Records contained in a dataset
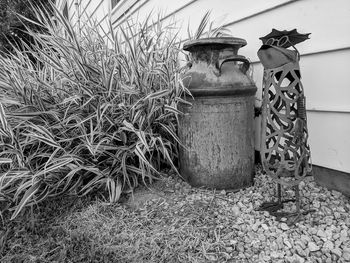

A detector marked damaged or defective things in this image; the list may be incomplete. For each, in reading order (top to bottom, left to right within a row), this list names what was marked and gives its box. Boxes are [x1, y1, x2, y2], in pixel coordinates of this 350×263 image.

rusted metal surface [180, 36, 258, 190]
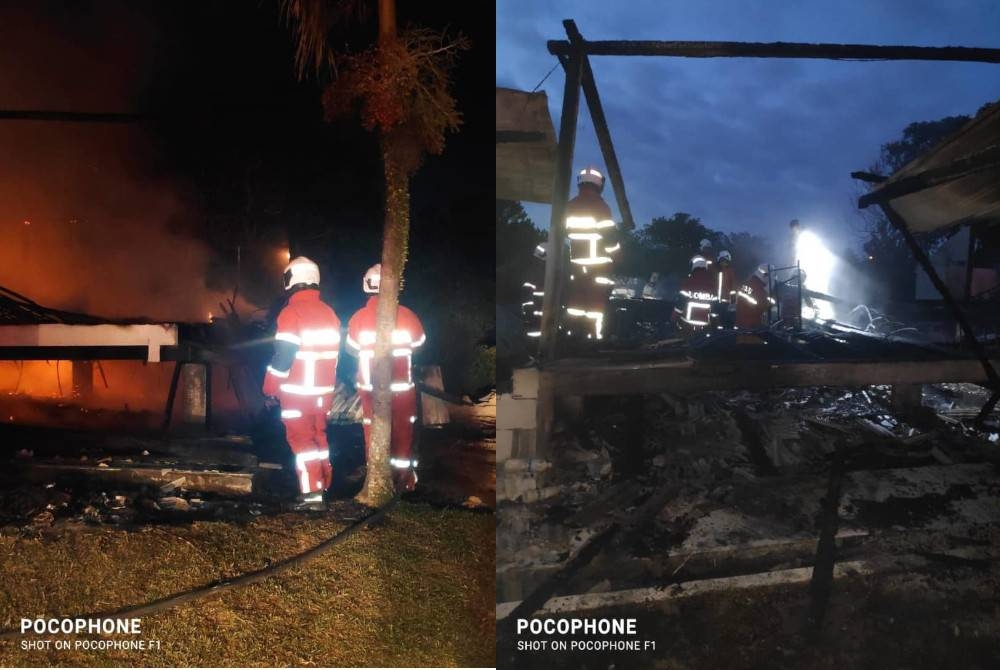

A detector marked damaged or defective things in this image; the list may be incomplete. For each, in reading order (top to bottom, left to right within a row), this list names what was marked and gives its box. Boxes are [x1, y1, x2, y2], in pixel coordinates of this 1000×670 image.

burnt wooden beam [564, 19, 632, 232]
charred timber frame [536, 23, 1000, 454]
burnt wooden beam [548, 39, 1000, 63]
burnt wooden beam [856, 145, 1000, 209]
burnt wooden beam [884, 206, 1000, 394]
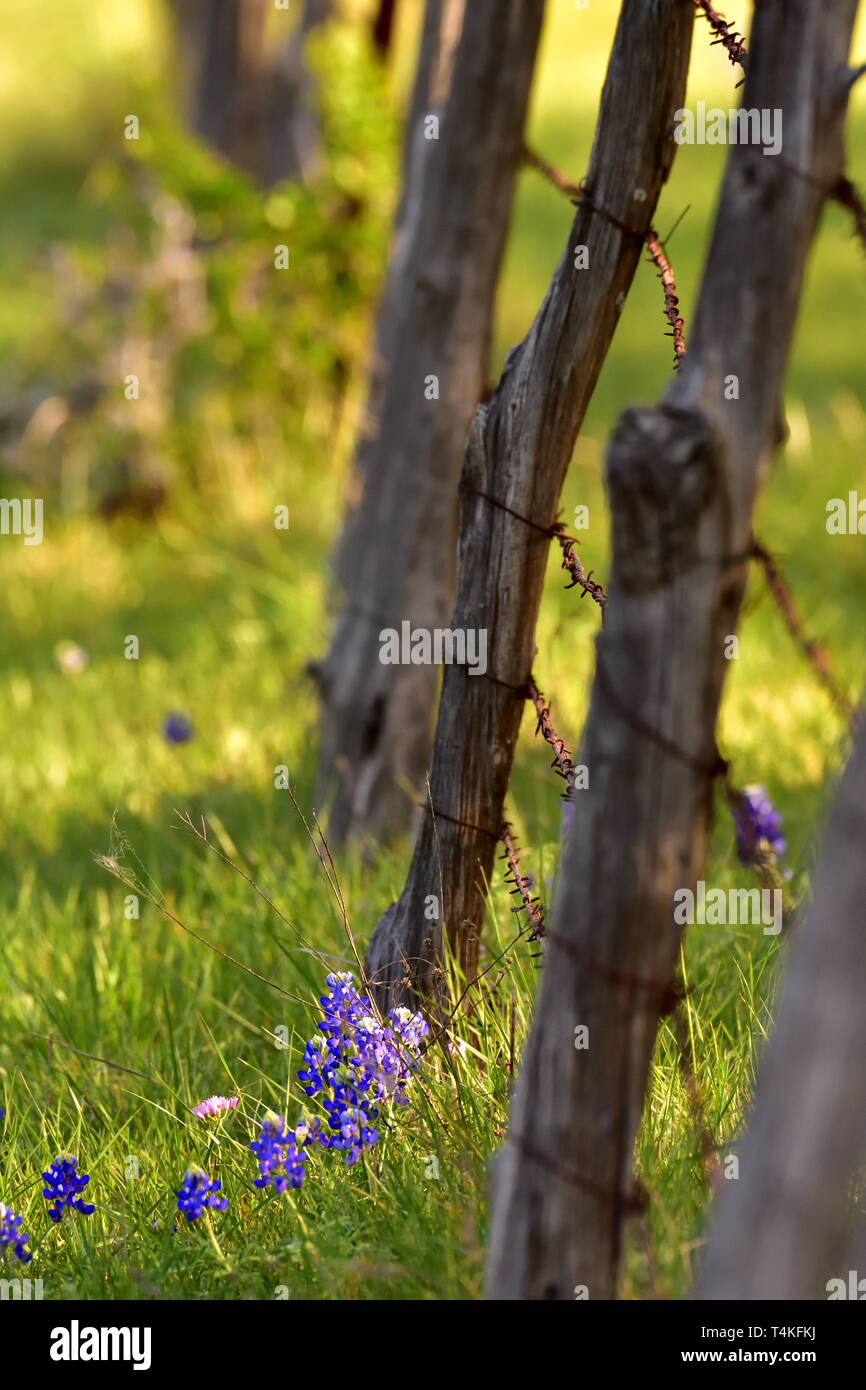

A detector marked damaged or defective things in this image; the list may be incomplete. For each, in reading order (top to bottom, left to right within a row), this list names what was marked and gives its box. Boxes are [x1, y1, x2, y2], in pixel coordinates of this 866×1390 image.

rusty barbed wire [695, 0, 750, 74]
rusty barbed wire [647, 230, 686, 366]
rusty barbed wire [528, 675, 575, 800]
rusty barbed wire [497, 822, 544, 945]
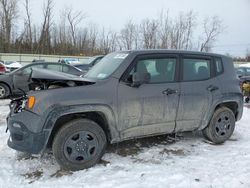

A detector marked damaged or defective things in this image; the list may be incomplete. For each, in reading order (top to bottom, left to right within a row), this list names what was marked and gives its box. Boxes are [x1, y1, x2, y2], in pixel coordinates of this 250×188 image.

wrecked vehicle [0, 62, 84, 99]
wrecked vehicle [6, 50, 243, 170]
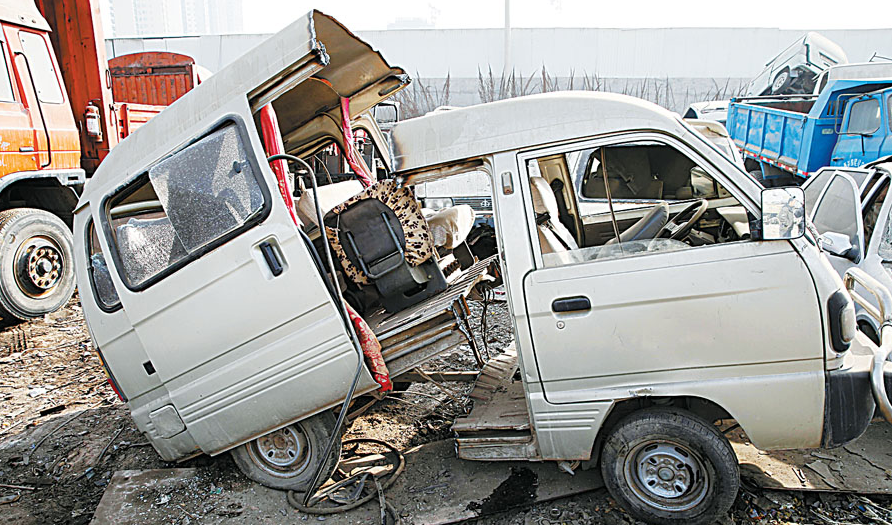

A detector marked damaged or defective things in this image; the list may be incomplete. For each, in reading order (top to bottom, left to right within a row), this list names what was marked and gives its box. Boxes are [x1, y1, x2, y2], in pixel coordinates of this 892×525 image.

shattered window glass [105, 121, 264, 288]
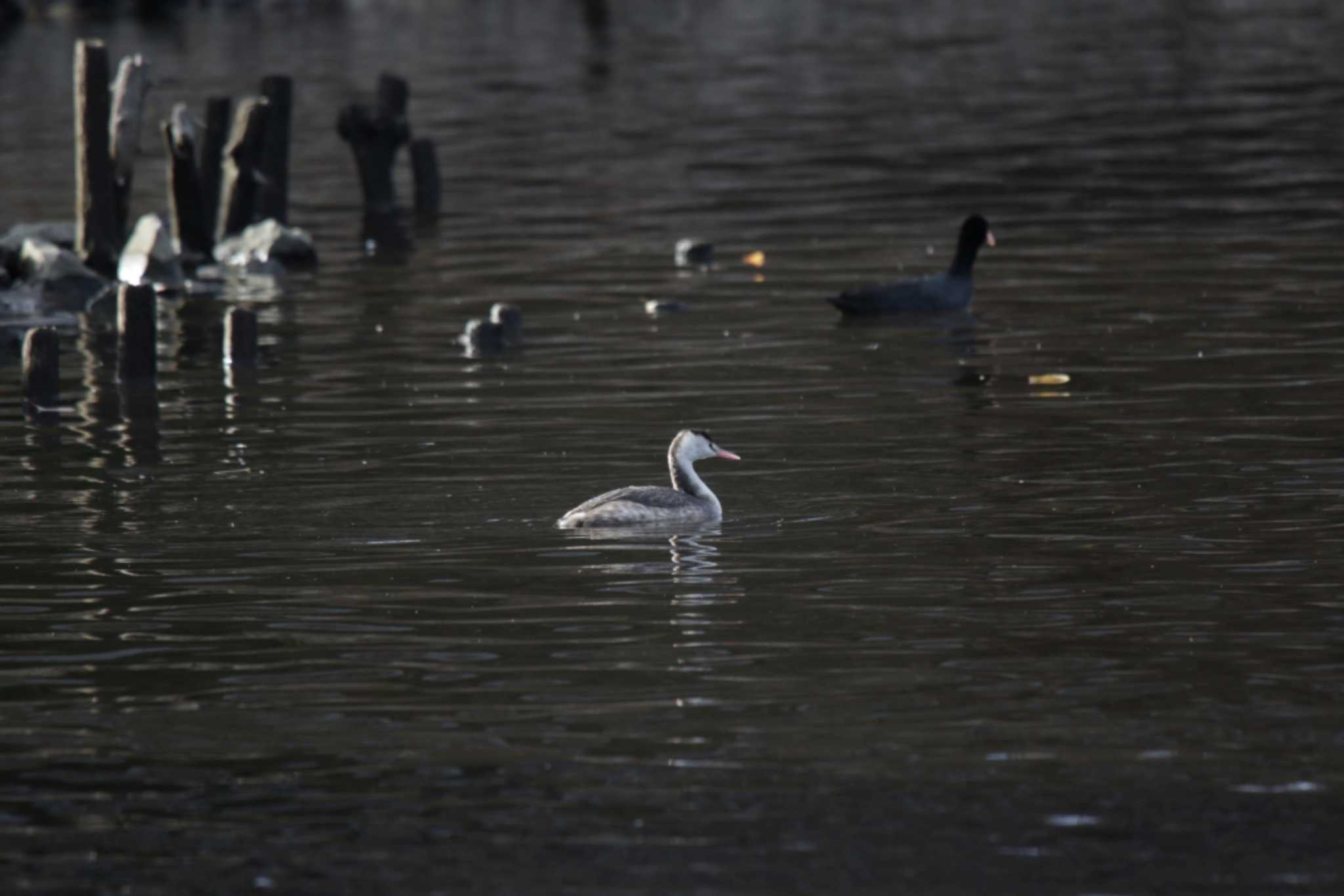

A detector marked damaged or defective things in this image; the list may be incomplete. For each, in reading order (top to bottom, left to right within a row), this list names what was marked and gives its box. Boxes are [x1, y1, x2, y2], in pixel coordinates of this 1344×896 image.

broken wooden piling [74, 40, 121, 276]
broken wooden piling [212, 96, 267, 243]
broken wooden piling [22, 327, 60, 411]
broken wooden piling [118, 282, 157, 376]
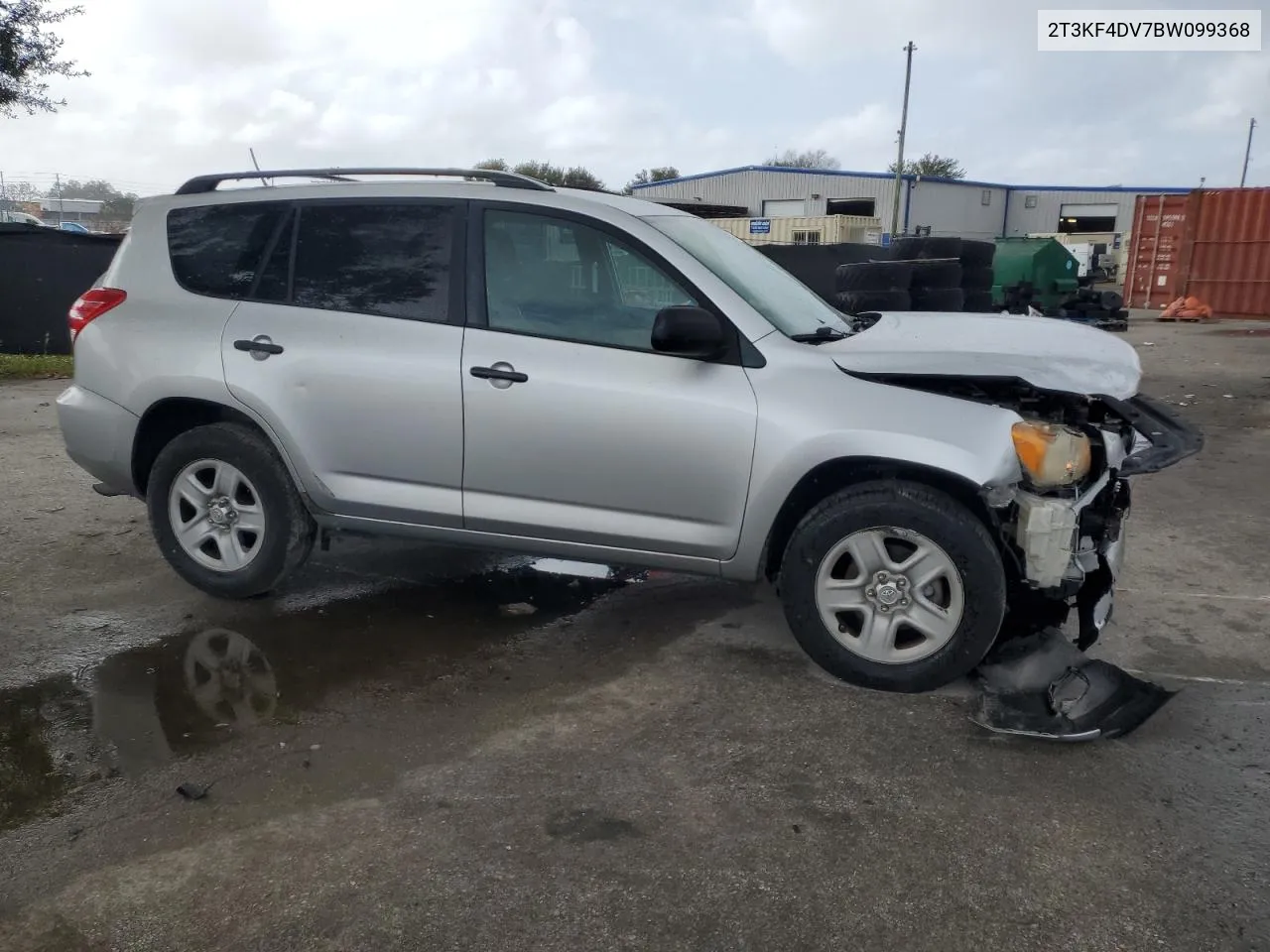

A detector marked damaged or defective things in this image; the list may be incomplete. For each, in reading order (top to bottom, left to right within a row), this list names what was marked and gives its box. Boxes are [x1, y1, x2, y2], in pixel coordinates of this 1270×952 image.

**Problem requirements**
Repeat word for word the lines starting at the one with "this 1344×896 image." and ending at the final line of the records above, both included; no pictures.

**Result**
A detector marked damaged or defective things in this image; the list may be incomplete. For each, in reading order (top to bottom, left to right within a row), this list names what was marked and gives its box. Boxes are [x1, y1, x2, y2], in pixel coordinates of this 1344×896 image.

broken wooden piling [74, 40, 121, 276]
broken wooden piling [212, 96, 267, 243]
broken wooden piling [22, 327, 60, 411]
broken wooden piling [118, 282, 157, 376]

A detector marked damaged or defective things in this image; the list may be incomplete. For each, in reading order (top to bottom, left to right within a row), this list names what was marked and gives its box. Boxes are [x1, y1, x2, y2], in pixel coordinates of this 1270×952 image.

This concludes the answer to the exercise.